» EXERCISE BRIEF:
What you return should be the lines from the one with "SUNNY SMART Strandkorb" through the one with "map of restaurants, bars, coffee" in the data below, reproduced exactly with both ends, and no pictures at all.

» PROVIDED DATA:
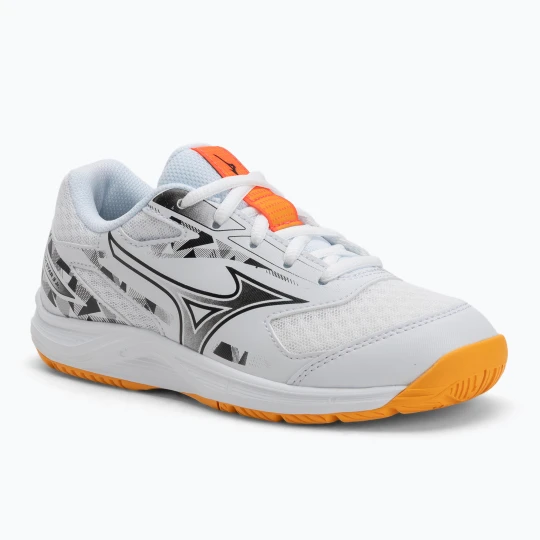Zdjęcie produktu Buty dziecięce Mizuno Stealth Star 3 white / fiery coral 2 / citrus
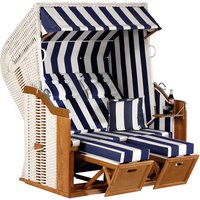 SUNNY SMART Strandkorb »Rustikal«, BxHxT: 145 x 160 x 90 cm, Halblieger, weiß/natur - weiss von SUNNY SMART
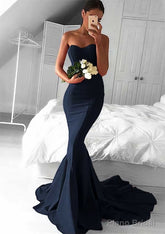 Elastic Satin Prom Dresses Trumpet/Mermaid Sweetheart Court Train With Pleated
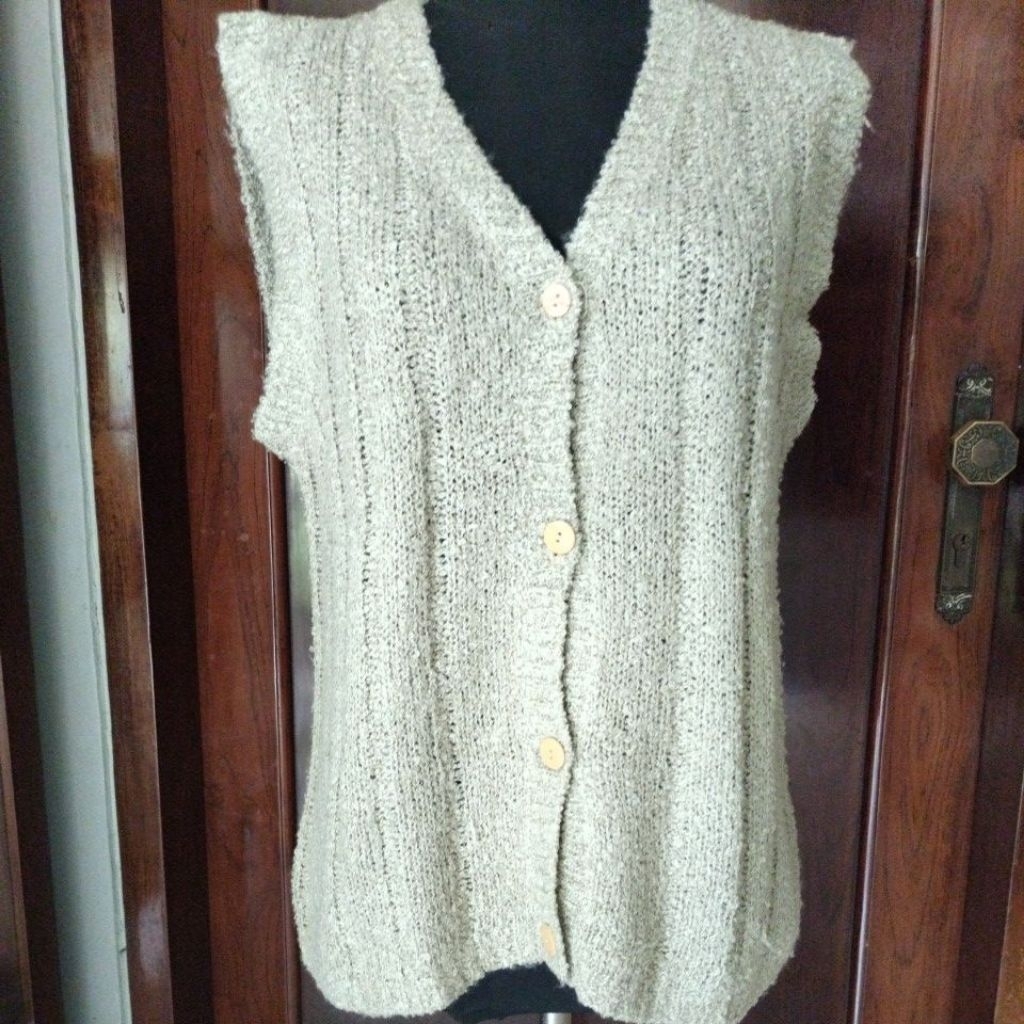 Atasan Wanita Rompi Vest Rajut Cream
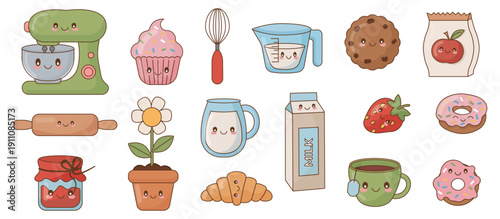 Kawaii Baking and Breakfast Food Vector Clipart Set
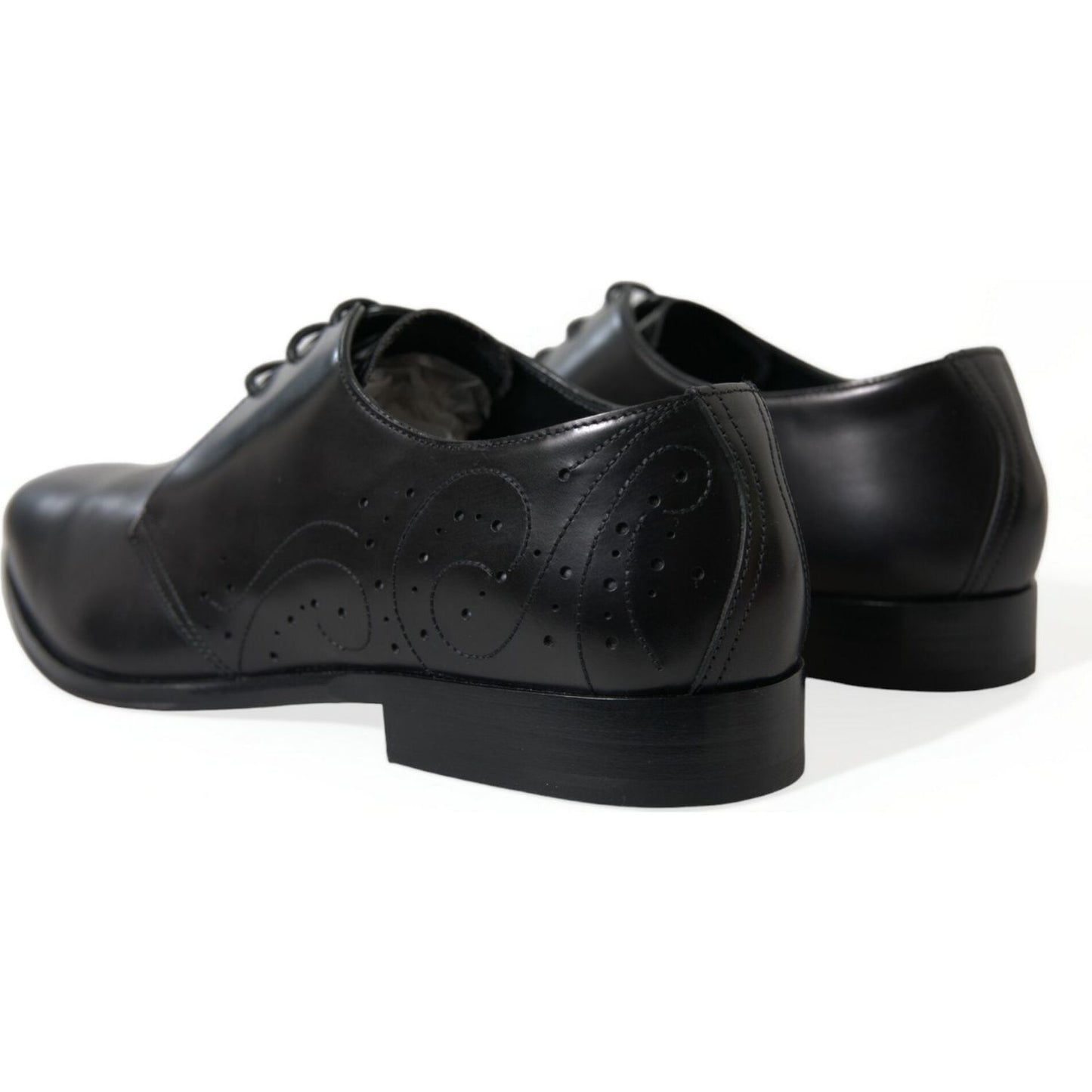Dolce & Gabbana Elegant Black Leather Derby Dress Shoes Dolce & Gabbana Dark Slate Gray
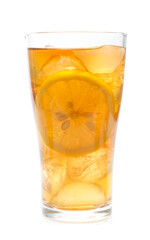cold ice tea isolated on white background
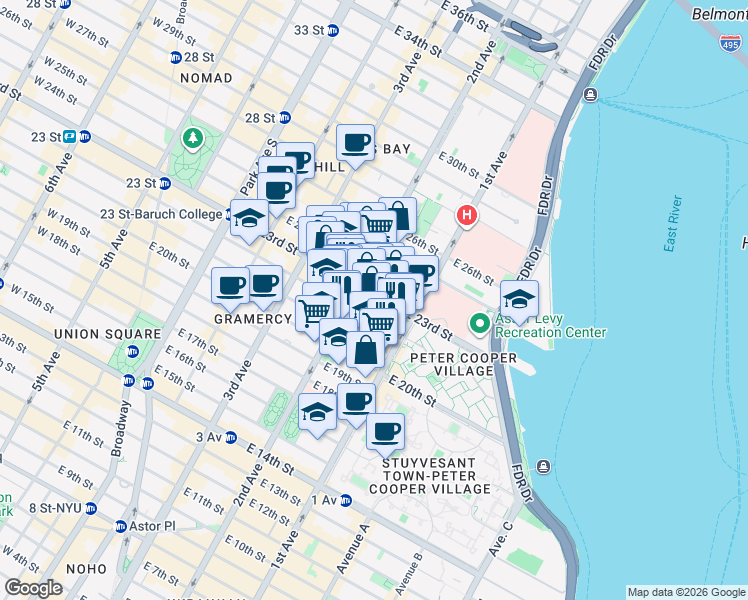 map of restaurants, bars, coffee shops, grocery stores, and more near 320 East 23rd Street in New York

---

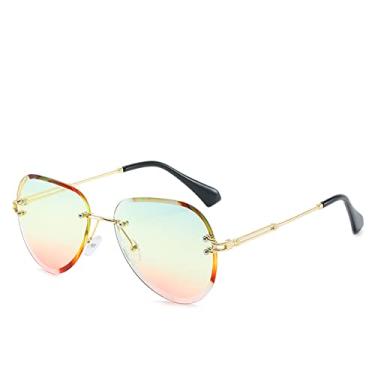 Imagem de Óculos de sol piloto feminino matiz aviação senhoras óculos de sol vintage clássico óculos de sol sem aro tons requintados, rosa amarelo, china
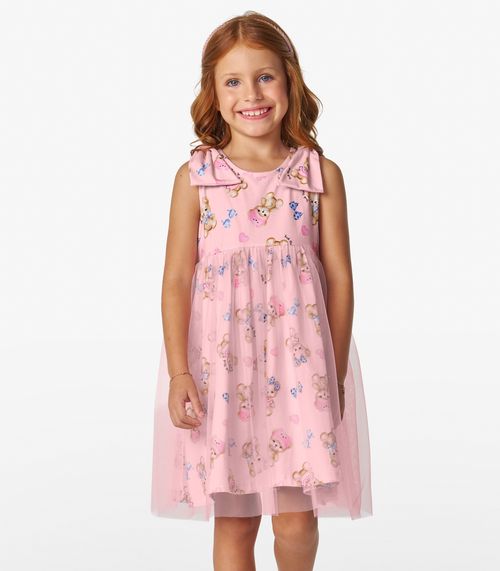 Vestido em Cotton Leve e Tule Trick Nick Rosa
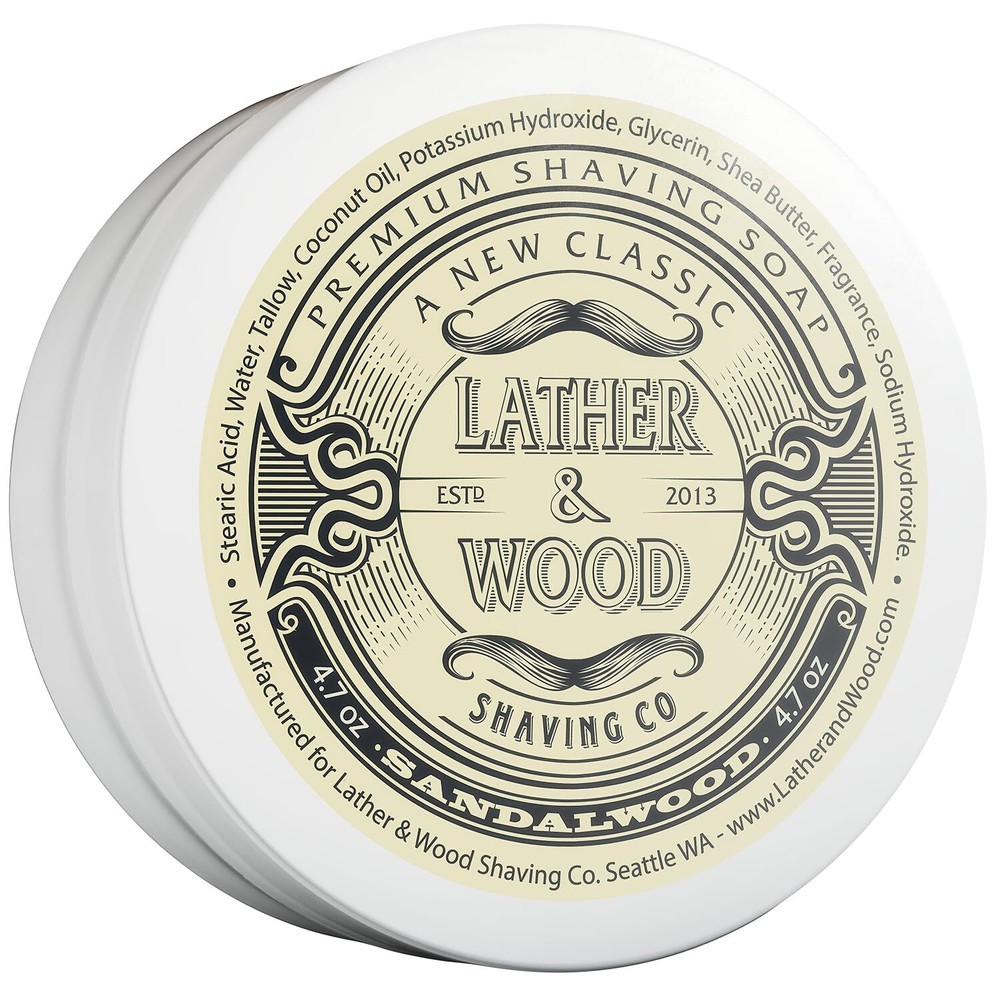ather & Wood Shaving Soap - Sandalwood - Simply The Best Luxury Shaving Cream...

--

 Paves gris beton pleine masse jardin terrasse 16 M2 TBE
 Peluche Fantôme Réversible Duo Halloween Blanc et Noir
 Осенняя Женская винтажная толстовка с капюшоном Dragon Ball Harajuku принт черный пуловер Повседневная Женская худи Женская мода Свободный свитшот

» YOUR SOLUTION:
 SUNNY SMART Strandkorb »Rustikal«, BxHxT: 145 x 160 x 90 cm, Halblieger, weiß/natur - weiss von SUNNY SMART
 Elastic Satin Prom Dresses Trumpet/Mermaid Sweetheart Court Train With Pleated
 Atasan Wanita Rompi Vest Rajut Cream
 Kawaii Baking and Breakfast Food Vector Clipart Set
Dolce & Gabbana Elegant Black Leather Derby Dress Shoes Dolce & Gabbana Dark Slate Gray
cold ice tea isolated on white background
 map of restaurants, bars, coffee shops, grocery stores, and more near 320 East 23rd Street in New York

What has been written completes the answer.